**What is being asked**
Starting with the line that includes "Rose Tote Bag", write out every remaining line of the records below exactly as it appears, leaving out any images.

**Provided entries**

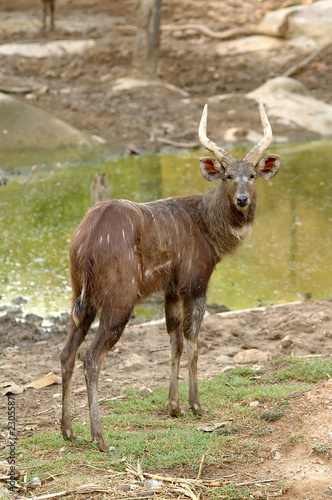 sitatunga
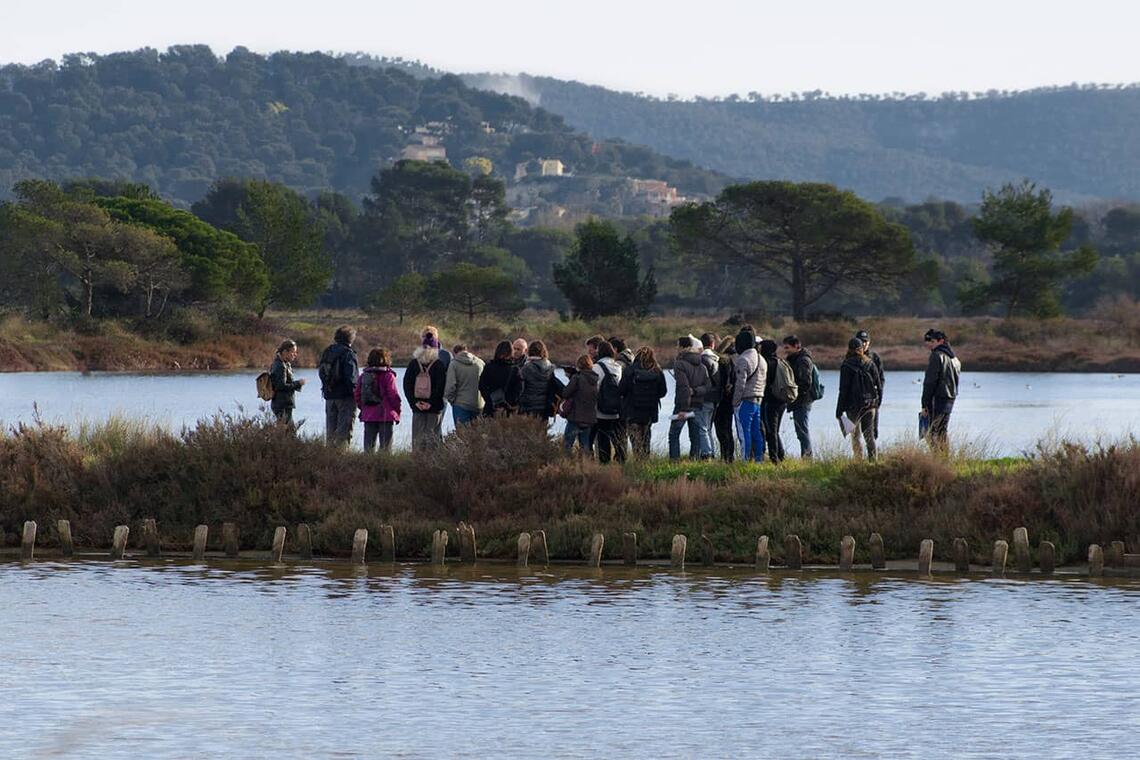 Balade randonnée sur le littoral des vieux salins à la rencontre des oiseaux marins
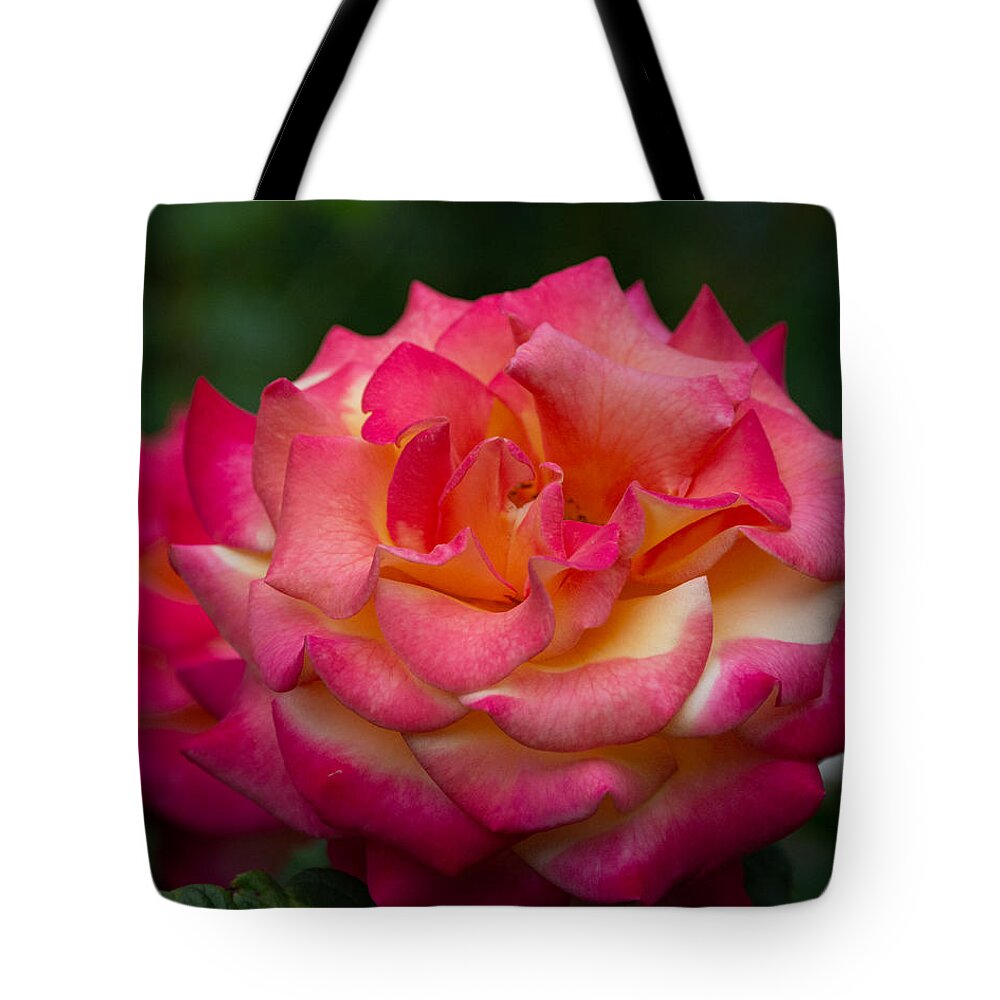 Rose Tote Bag featuring the photograph Classic Beauty with a Twist by Linda Bonaccorsi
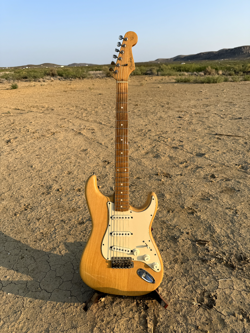 AUTHENTICATED BY GRUHN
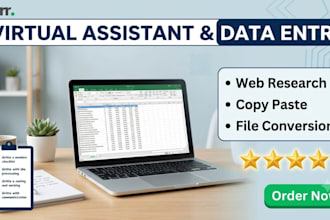 do data entry, microsoft excel and word tasks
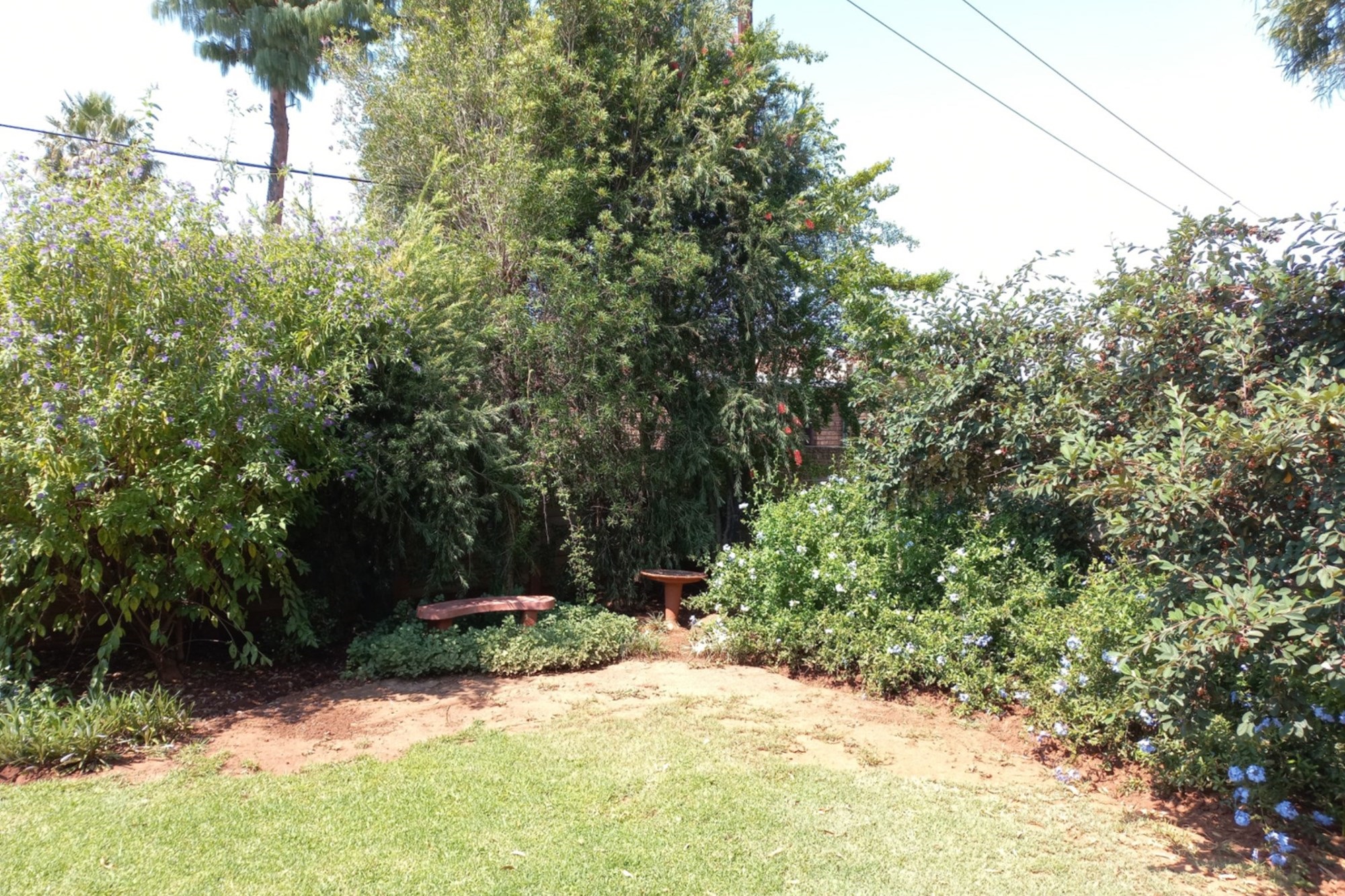 Charming Low Maintenance Family Home - Wheelchair Friendly, Walk to the Waterfront 3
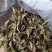 榕树叶产地一手加工供应商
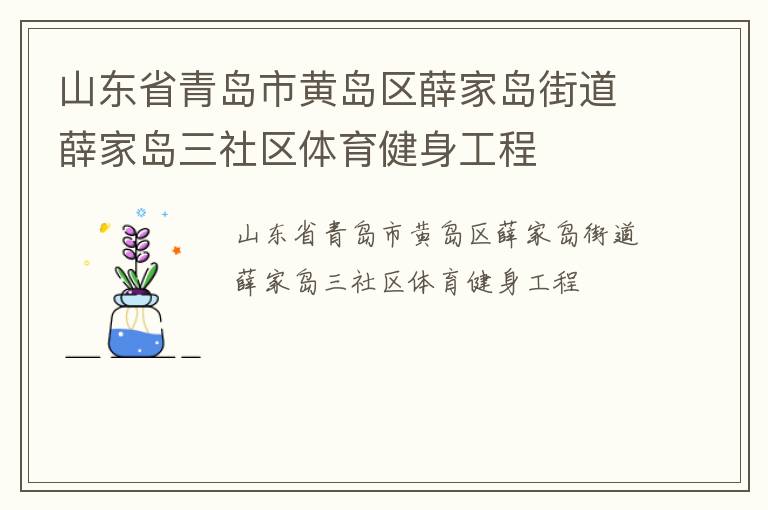 山東省青島市黃島區(qū)薛家島街道薛家島三社區(qū)體育健身工程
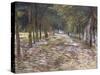 The Avenue at the Park of Voyer-D'Argenson at Asnieres, 1887-Vincent van Gogh-Stretched Canvas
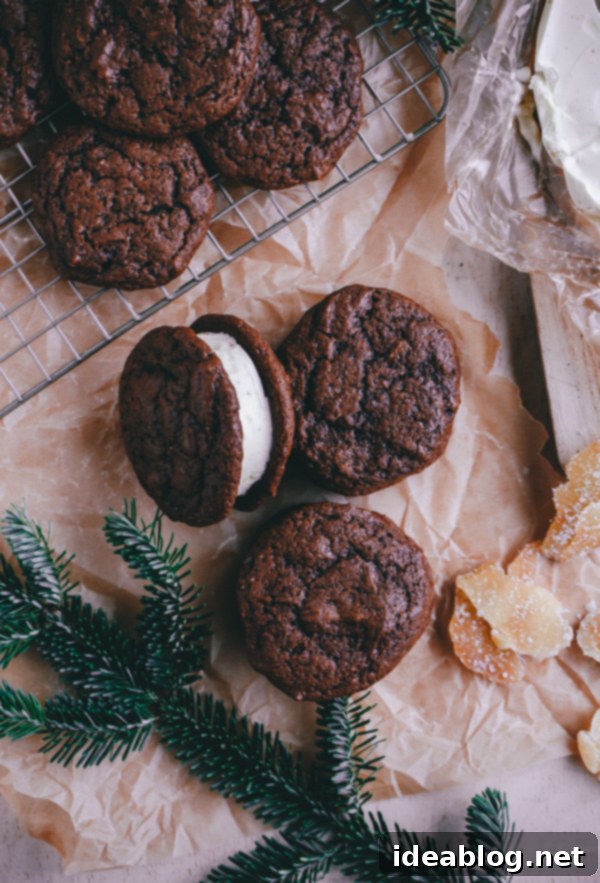 Zencefilli Kurabiye Arası Yumurtalı Sütlü Dondurma 7 Gingerbread and Eggnog Ice Cream Cookie Sandwiches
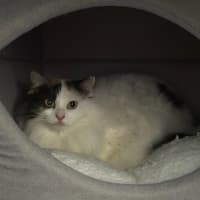 Photo of Rosie & Callie Need Another Chance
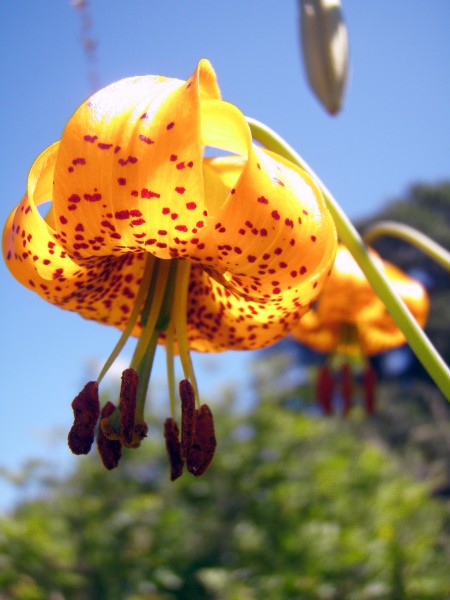 Lilium lancifolium (8744542325)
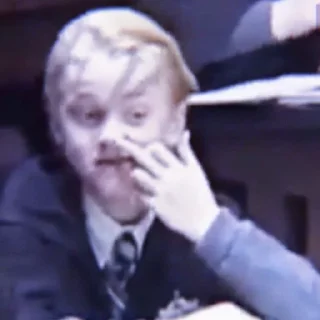 Стикер ✧ˎˊ Harry potter Memes• @Leviosaasticker - 3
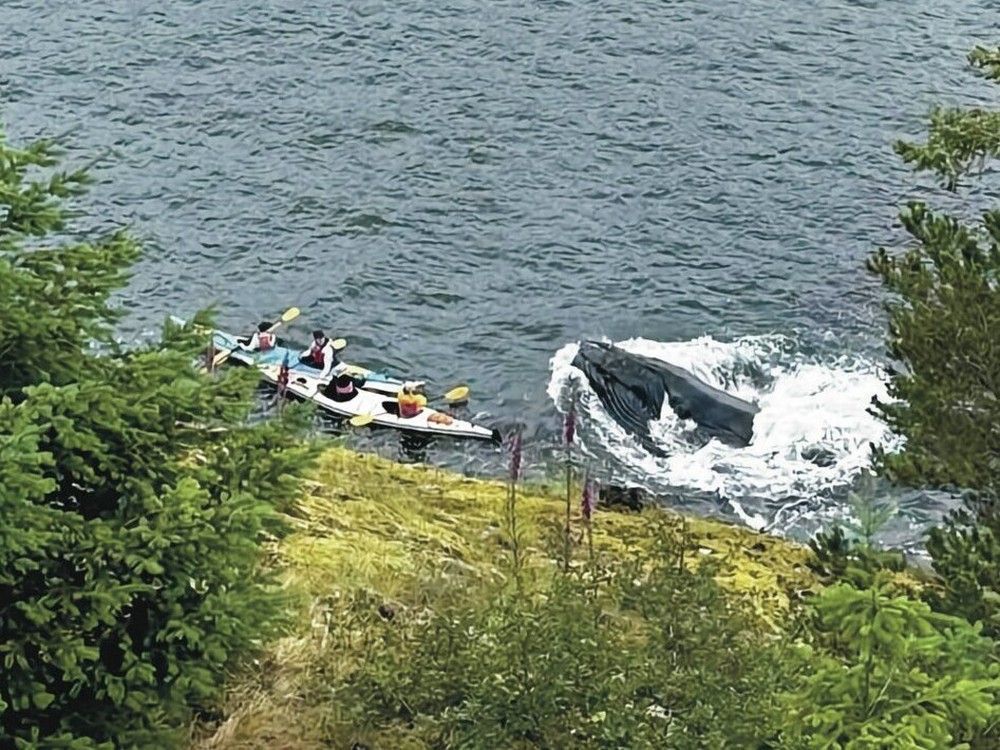 On June 15, a group of kayakers at Bowen Island got up close and personal with a feeding whale.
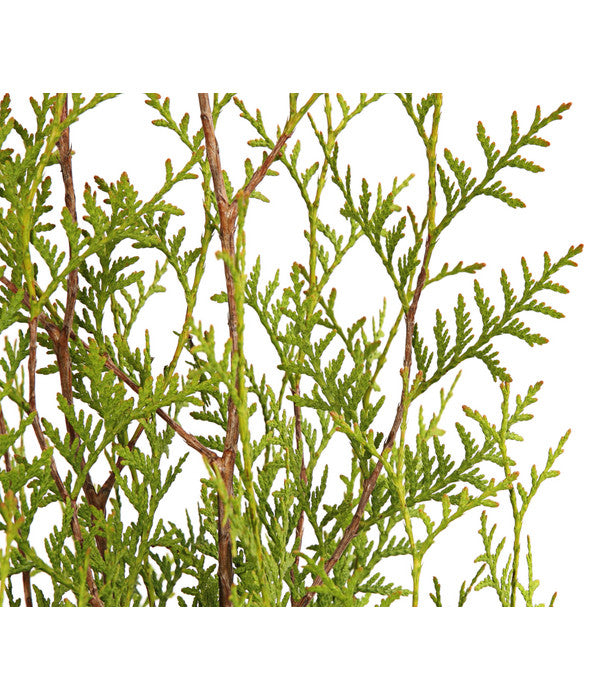 14 Meter Lebensbaum 'Brabant', 40 X Ca. 80-100 Cm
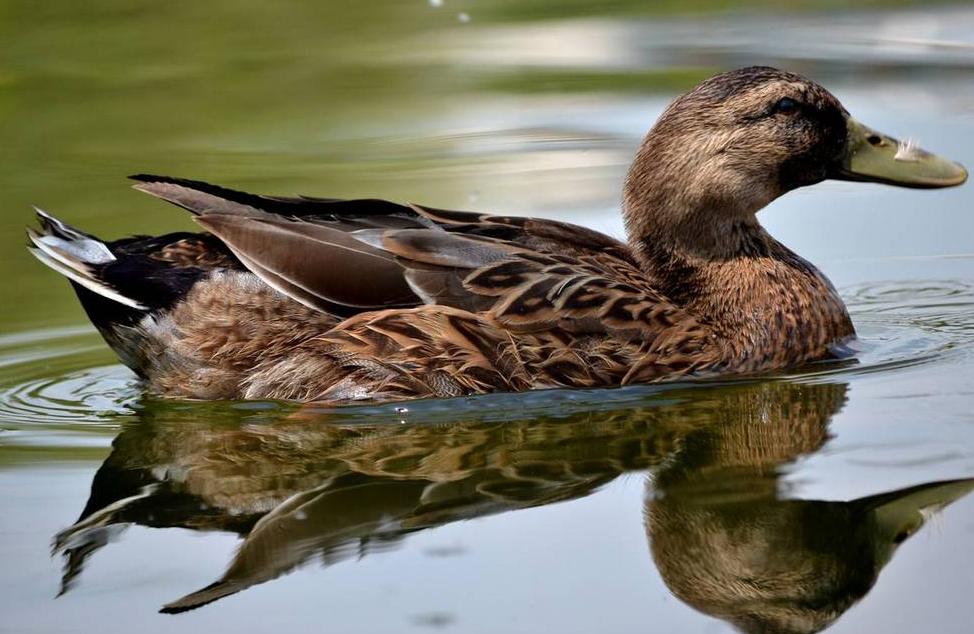 鸭子什么时候不生蛋,鸭子到冬天不生蛋怎么回事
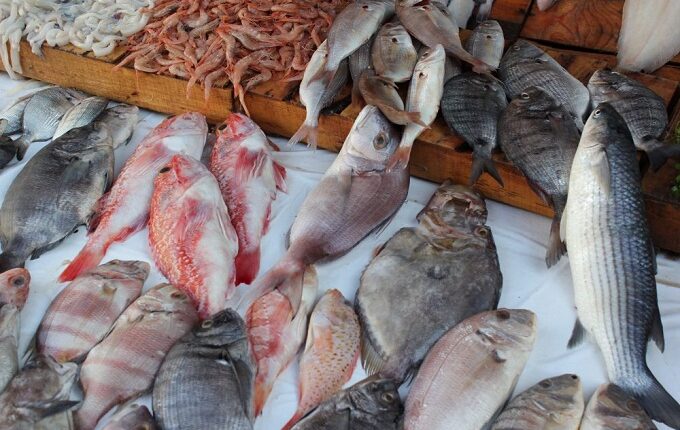 PÊCHE : Les exportations retrouvent leurs rythme d'avant COVID-19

**Solution to this task**
 Rose Tote Bag featuring the photograph Classic Beauty with a Twist by Linda Bonaccorsi
 AUTHENTICATED BY GRUHN
 do data entry, microsoft excel and word tasks
 Charming Low Maintenance Family Home - Wheelchair Friendly, Walk to the Waterfront 3
 榕树叶产地一手加工供应商
 山東省青島市黃島區(qū)薛家島街道薛家島三社區(qū)體育健身工程
 The Avenue at the Park of Voyer-D'Argenson at Asnieres, 1887-Vincent van Gogh-Stretched Canvas
 Zencefilli Kurabiye Arası Yumurtalı Sütlü Dondurma 7 Gingerbread and Eggnog Ice Cream Cookie Sandwiches
 Photo of Rosie & Callie Need Another Chance
 Lilium lancifolium (8744542325)
 Стикер ✧ˎˊ Harry potter Memes• @Leviosaasticker - 3
 On June 15, a group of kayakers at Bowen Island got up close and personal with a feeding whale.
 14 Meter Lebensbaum 'Brabant', 40 X Ca. 80-100 Cm
 鸭子什么时候不生蛋,鸭子到冬天不生蛋怎么回事
 PÊCHE : Les exportations retrouvent leurs rythme d'avant COVID-19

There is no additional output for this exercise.